Exercise:
Would you please transcribe the entire listing exactly?
▶
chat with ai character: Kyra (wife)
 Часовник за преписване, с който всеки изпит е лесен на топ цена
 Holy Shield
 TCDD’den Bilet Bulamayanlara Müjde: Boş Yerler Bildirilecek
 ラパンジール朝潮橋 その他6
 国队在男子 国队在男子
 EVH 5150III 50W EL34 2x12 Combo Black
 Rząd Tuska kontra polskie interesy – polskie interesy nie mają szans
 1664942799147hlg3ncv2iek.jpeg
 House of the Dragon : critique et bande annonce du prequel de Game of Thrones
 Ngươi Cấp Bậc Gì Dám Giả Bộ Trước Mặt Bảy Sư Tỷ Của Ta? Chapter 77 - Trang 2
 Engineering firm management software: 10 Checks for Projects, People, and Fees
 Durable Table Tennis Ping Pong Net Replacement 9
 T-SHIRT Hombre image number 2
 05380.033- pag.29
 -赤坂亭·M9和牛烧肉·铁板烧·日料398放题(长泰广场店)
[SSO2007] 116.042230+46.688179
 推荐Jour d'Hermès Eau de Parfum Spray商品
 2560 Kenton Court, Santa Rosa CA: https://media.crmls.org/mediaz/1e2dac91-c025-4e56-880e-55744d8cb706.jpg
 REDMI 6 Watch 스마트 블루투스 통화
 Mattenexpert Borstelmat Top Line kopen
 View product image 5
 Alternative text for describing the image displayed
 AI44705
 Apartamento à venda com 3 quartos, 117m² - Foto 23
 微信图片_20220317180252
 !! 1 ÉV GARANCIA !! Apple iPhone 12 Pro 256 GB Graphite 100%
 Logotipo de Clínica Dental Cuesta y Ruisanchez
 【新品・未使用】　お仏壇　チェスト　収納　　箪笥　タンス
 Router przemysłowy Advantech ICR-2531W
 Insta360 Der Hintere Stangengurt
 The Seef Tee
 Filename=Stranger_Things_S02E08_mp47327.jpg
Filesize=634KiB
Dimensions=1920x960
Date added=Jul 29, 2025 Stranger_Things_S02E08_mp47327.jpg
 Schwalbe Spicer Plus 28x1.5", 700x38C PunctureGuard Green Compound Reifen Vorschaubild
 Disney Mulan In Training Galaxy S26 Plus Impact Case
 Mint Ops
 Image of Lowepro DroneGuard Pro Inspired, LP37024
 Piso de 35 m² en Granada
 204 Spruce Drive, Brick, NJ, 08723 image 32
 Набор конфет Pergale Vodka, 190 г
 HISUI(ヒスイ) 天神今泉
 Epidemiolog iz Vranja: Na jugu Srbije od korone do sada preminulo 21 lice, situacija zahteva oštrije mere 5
◀
Output:
chat with ai character: Kyra (wife)
 Часовник за преписване, с който всеки изпит е лесен на топ цена
 Holy Shield
 TCDD’den Bilet Bulamayanlara Müjde: Boş Yerler Bildirilecek
 ラパンジール朝潮橋 その他6
 国队在男子 国队在男子
 EVH 5150III 50W EL34 2x12 Combo Black
 Rząd Tuska kontra polskie interesy – polskie interesy nie mają szans
 1664942799147hlg3ncv2iek.jpeg
 House of the Dragon : critique et bande annonce du prequel de Game of Thrones
 Ngươi Cấp Bậc Gì Dám Giả Bộ Trước Mặt Bảy Sư Tỷ Của Ta? Chapter 77 - Trang 2
 Engineering firm management software: 10 Checks for Projects, People, and Fees
 Durable Table Tennis Ping Pong Net Replacement 9
 T-SHIRT Hombre image number 2
 05380.033- pag.29
 -赤坂亭·M9和牛烧肉·铁板烧·日料398放题(长泰广场店)
[SSO2007] 116.042230+46.688179
 推荐Jour d'Hermès Eau de Parfum Spray商品
 2560 Kenton Court, Santa Rosa CA: https://media.crmls.org/mediaz/1e2dac91-c025-4e56-880e-55744d8cb706.jpg
 REDMI 6 Watch 스마트 블루투스 통화
 Mattenexpert Borstelmat Top Line kopen
 View product image 5
 Alternative text for describing the image displayed
 AI44705
 Apartamento à venda com 3 quartos, 117m² - Foto 23
 微信图片_20220317180252
 !! 1 ÉV GARANCIA !! Apple iPhone 12 Pro 256 GB Graphite 100%
 Logotipo de Clínica Dental Cuesta y Ruisanchez
 【新品・未使用】　お仏壇　チェスト　収納　　箪笥　タンス
 Router przemysłowy Advantech ICR-2531W
 Insta360 Der Hintere Stangengurt
 The Seef Tee
 Filename=Stranger_Things_S02E08_mp47327.jpg
Filesize=634KiB
Dimensions=1920x960
Date added=Jul 29, 2025 Stranger_Things_S02E08_mp47327.jpg
 Schwalbe Spicer Plus 28x1.5", 700x38C PunctureGuard Green Compound Reifen Vorschaubild
 Disney Mulan In Training Galaxy S26 Plus Impact Case
 Mint Ops
 Image of Lowepro DroneGuard Pro Inspired, LP37024
 Piso de 35 m² en Granada
 204 Spruce Drive, Brick, NJ, 08723 image 32
 Набор конфет Pergale Vodka, 190 г
 HISUI(ヒスイ) 天神今泉
 Epidemiolog iz Vranja: Na jugu Srbije od korone do sada preminulo 21 lice, situacija zahteva oštrije mere 5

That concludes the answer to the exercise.